Hambei uscì dal letto per controllare cosa avesse davvero visto sua moglie e quando aprì la porta della sua abitazione trovò una ragazza che piangeva disperata. Era lo spirito del pruno che non voleva lasciare il luogo in cui era nato e cresciuto. Hambei spiegò allo spirito dell’albero che non aveva il potere di farla restare nel suo giardino ma le assicurò che avrebbe fatto un tentativo. La ragazza si asciugò le lacrime, sorrise al giardiniere e scomparve.
Il giorno stabilito il servitore dell’alto ufficiale si presentò a casa di Hambei con molti uomini e un carro per il trasporto del pruno. Il giardiniere provò a raccontargli che lo spirito dell’albero gli aveva fatto visita e cercò di restituire il denaro ma l’uomo si arrabbiò, iniziò a colpire Hambei e sguainò la spada per tagliarli la testa. A quel punto, lo spirito del pruno apparve e cercò di fermare il servitore che non volle sentire ragioni e colpì la ragazza.
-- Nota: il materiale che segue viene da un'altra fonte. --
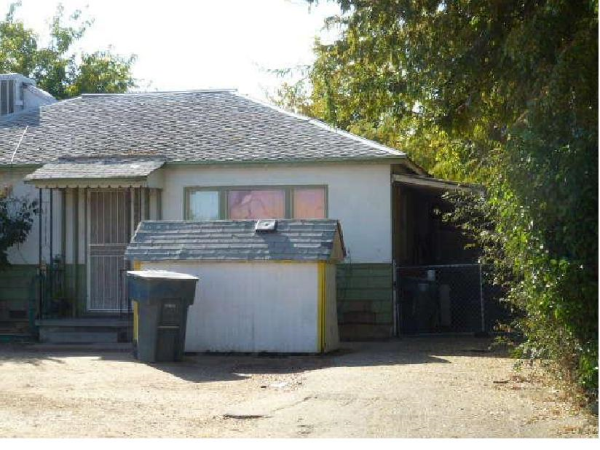 4313 Center Street, Bakersfield, CA 93306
Lo spirito scomparve e dal pruno si staccò un ramo su cui stavano sbocciando dei fiori. Pentito, il servitore si scusò con Hambei e decise di portare al suo padrone il ramo spezzato e raccontagli l’accaduto.
L’alto ufficiale, colpito dal racconto del servitore, inviò un messaggio di scuse a Hambei dicendogli che poteva tenere sia l’albero che il denaro. Ma il pruno dopo il colpo inferto dal servitore, e nonostante le amorevoli cure del giardiniere, seccò e morì.